Data shown START
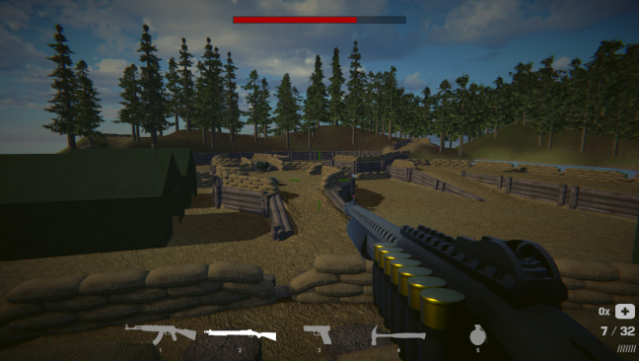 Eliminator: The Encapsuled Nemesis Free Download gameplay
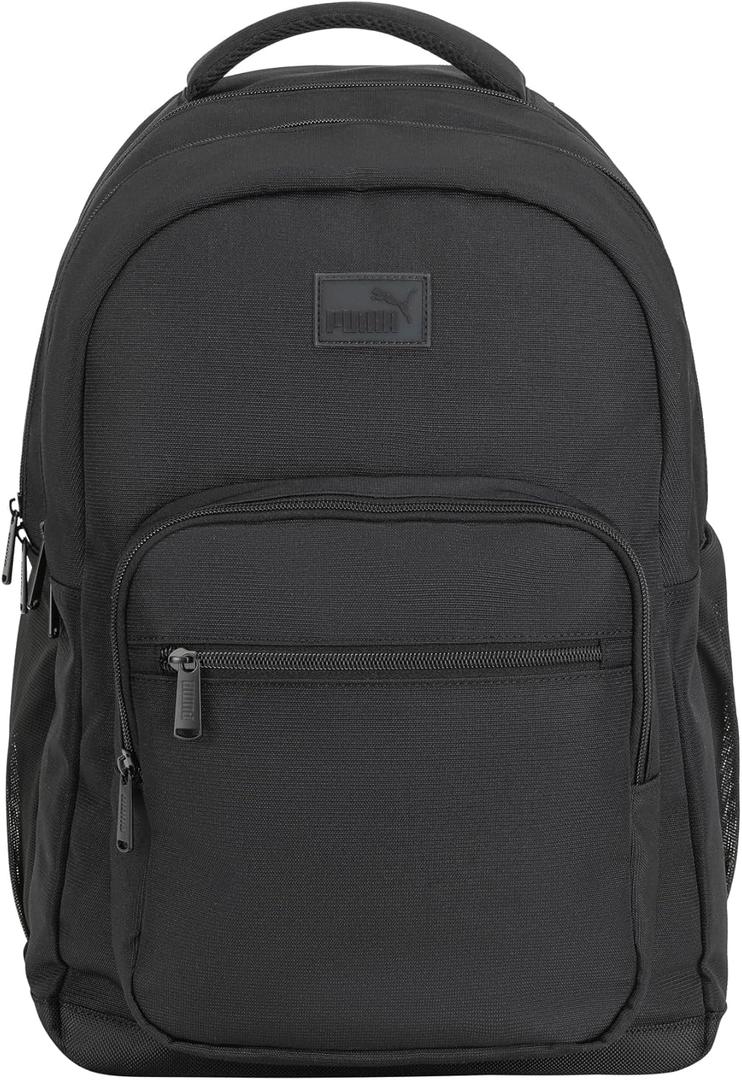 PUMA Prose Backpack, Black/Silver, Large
Data shown END
Data shown START
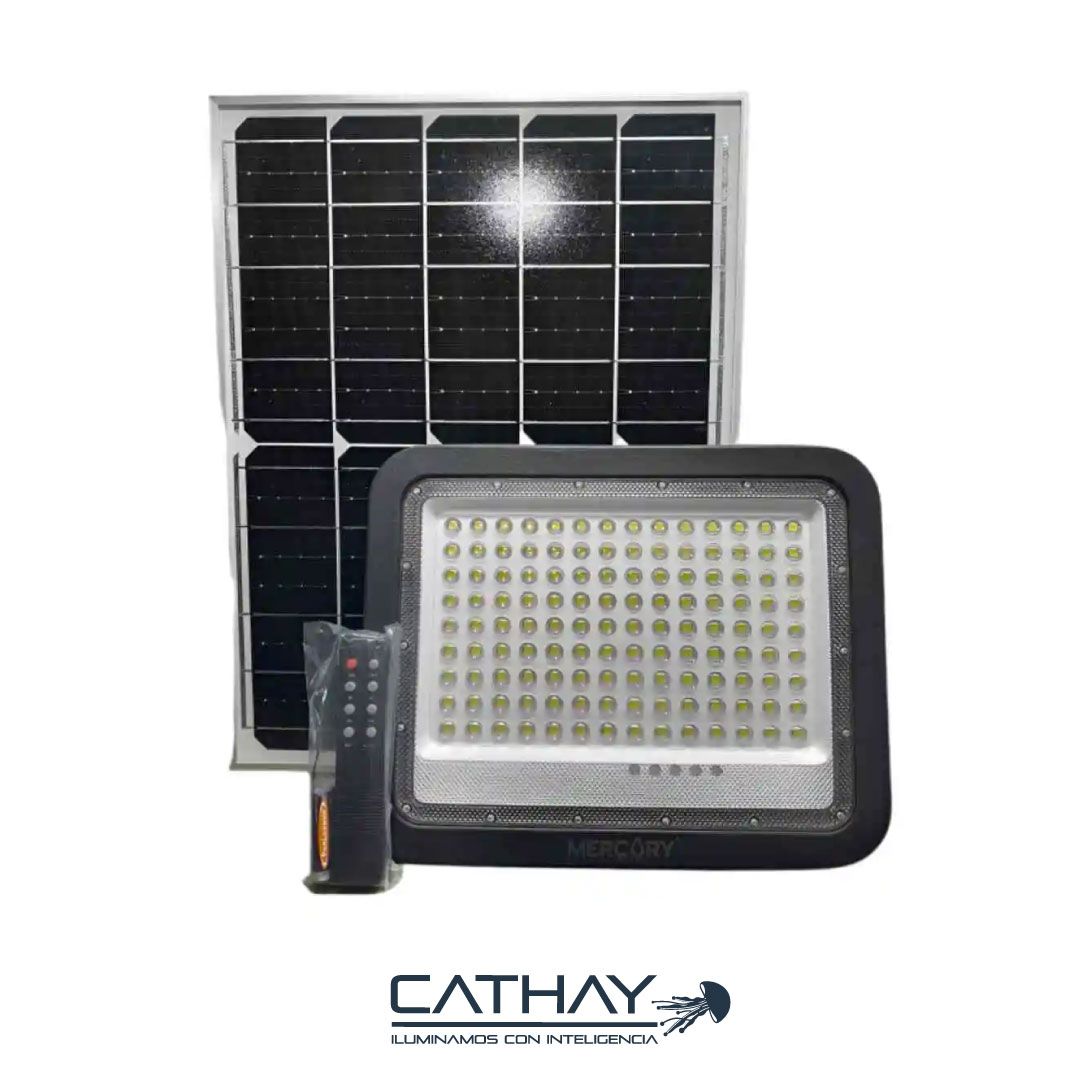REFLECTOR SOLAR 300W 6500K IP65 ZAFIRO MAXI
Data shown END
Data shown START
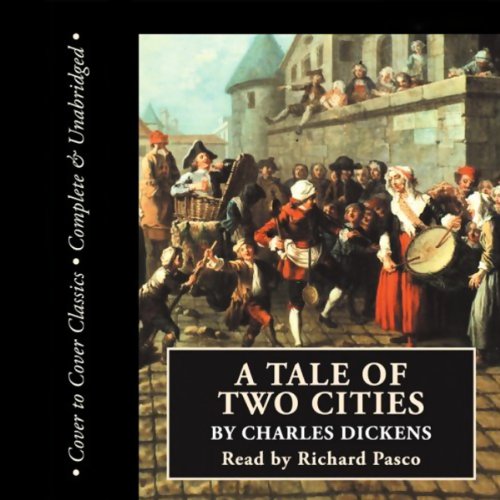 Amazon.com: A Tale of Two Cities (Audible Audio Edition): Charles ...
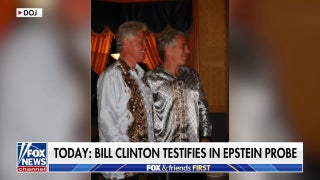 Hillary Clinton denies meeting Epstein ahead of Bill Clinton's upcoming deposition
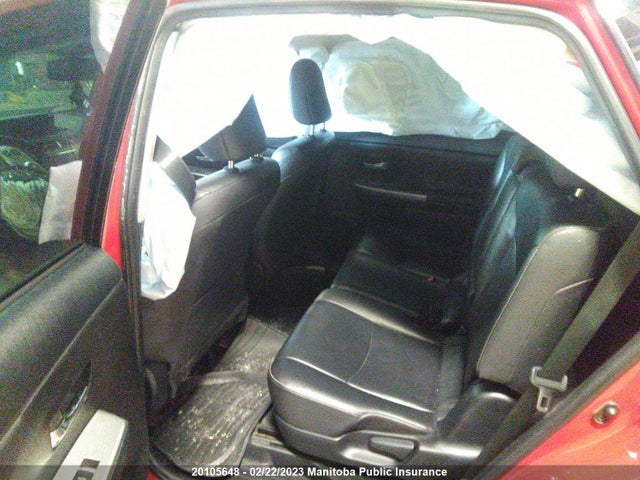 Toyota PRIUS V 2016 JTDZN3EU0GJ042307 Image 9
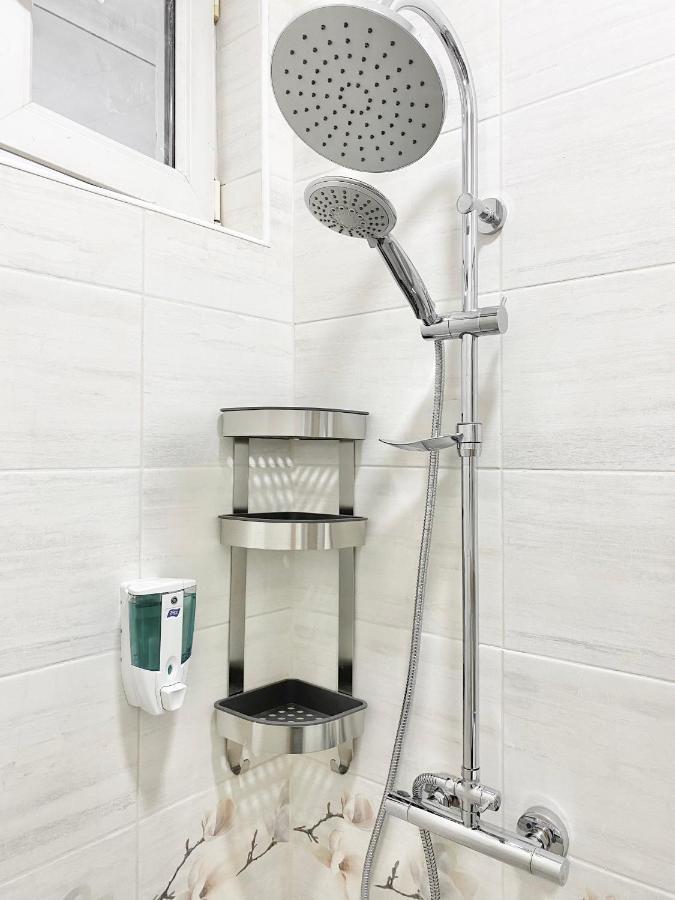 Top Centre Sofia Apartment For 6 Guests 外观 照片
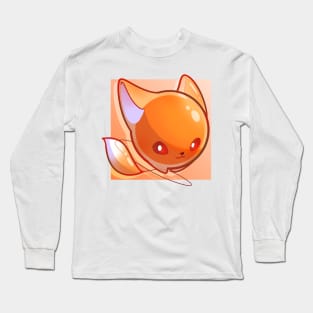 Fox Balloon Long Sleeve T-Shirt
Data shown END
> [Work task]:
Give again, exactly as written above, every line from the one holding "Eliminator: The Encapsuled" to the one holding "PUMA Prose Backpack, Black/Silver, Large", with both ends kept and the pictures left out.

> [Answer to this task]:
 Eliminator: The Encapsuled Nemesis Free Download gameplay
 PUMA Prose Backpack, Black/Silver, Large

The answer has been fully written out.